Roberts-Smith said the model sees students’ perspectives and contributions as just as important as workshop leaders.
Anthr-Apology, a session led by DART Professor David Fancy and DART Scenographer and Associate Professor David Vivian, explored the creative possibilities of a new performance collective, with the first stage of presentation slated for 2024, building on creative research undertaken on the fall DART Mainstage production AnthropoScene.
Fancy and Vivian are motivated by exploring the ways in which theatre and performance as art forms can be truly responsive to the climate crisis.
“The project is based on the idea that the world needs a truth and reconciliation commission for all humans and their relationship with one another, as well as their individual and collective relationships with the planet,” Fancy said.
Vivian said the workshop also generated opportunities for participating graduate- and senior-level MIWSFPA students “to bridge their undergraduate studies to the next level of scholarship and professional opportunities.”
In another session, Packing a Punch, students worked directly with theatre artist Trevor Copp, Artistic Director and Founder of Tottering Biped Theatre (TBT). Students participated in the creative process of developing TBT’s new multimedia live-action play, Mr. Punch, adapted from a lesser-known Neil Gaiman graphic novel.
“It was a brilliant week. In the end, what we really found was momentum and artistic excitement about this piece and its possibilities,” Copp said.

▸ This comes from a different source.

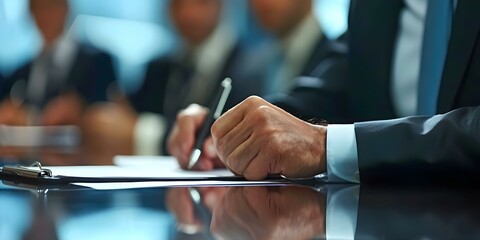 Executives signing corporate governance code to promote ethical leadership Governance ar 169. Concept Corporate Governance, Ethical Leadership, Executive Signing, Governance Code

Evalyn Parry, DART’s 2022-23 Walker Cultural Leader and award-winning queer performance-maker, theatrical innovator and artistic leader, led a workshop engaging with choral performance and text from their master’s research-creation thesis, “An Unsettled Account,” reflecting on queer arts leadership, decolonial futures and systems change.

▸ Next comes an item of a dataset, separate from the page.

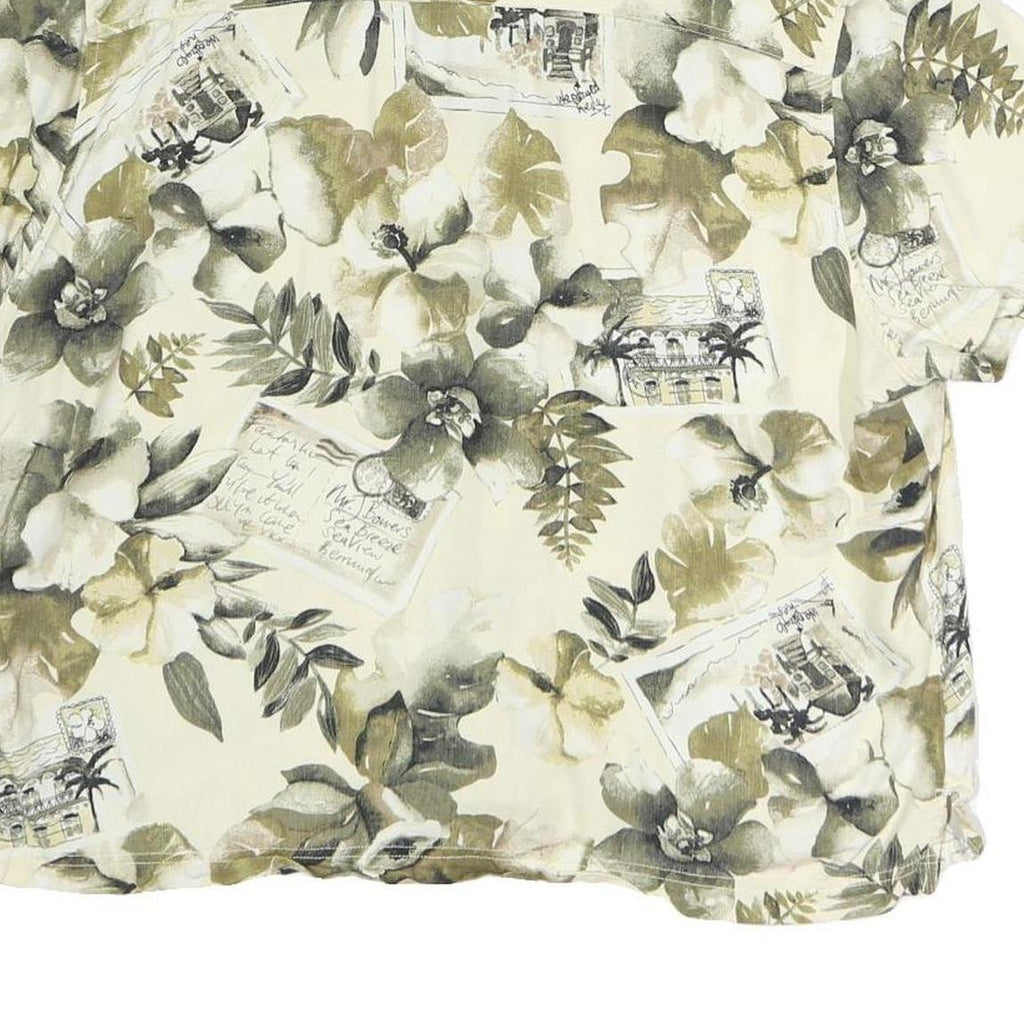 ISLAND TRADERS Womens Cream Floral Print Shirt Short Sleeve Collared XL Hawaiian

“Together with my longtime collaborator Karin Randoja (music director for the workshop), rich discoveries were made about how the choral arrangements — both sung and spoken — work on the page and translate into the bodies and voices of singers and actors,” Parry said.
DART Instructor Mike Griffin, Faculty of Humanities’ 2023 Excellence in Teaching Award recipient, workshopped ideas for his DART winter mainstage production, The Mysterious Mind of Molly McGillicuddy. An original new work written and directed by Griffin, the play explores brain injury and related mental health issues.
“A set of very strong projects with exciting futures emerged from the inaugural Summer Institute,” Roberts-Smith said. “DART students brought fresh and wise perspectives essential to the success of each project.”